Aku mencintai duniaku yang sekarang, jauh lebih berwarna setelah kaumenyuntikku dengan virus abadi ini. Ku rasa kauberhasil.
Dear Ragil,
Walau mereka mungkin tak pernah menganggap kisah kita adalah "kisah cinta" tapi yang ku tahu pasti, selalu akan ada "kita" di dalamnya, walau bukan sepasang kekasih seperti yang seringkali diumbar orang banyak di bio twitter atau status BBM, namun "kita-nya" kita jauh lebih berarti dibanding itu semua.

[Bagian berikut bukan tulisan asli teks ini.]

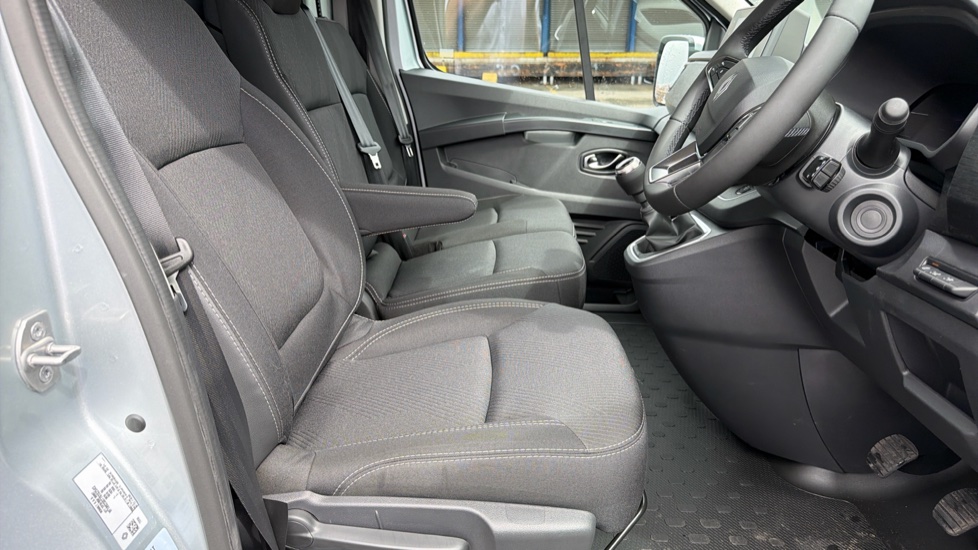 Renault Trafic Lwb Diesel LL30 Blue dCi 150 Extra Sport [Safety] Van - Image 6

Ah! Aku hampir lupa memberitahumu sesuatu. Aku sekarang sedang jatuh, ke dalam sesuatu yang disebut cinta. Dia, yang ku sayangi sepenuh hati, kini menjadi "korban" peluru aksaraku. Seperti yang kaulakukan padaku, dulu.
Dear Ragil,
Entah kemana harus ku alamatkan surat ini, aku hanya ingin berterima kasih. Pertemuan dan kisah kita mungkin tak panjang, namun dampak yang kautularkan terus berlanjut hingga kini. Doakan aku ya, semoga impianku menjadi penulis terwujud.
P.S: Dia yang ku sayang sangat tidak suka membaca, semoga ia tak membaca suratku padamu ini. Atau jika pun ia membacanya, semoga aku bisa menyuntikkan "virus" ini juga padanya, seperti yang telah kaulakukan diam-diam terhadapku.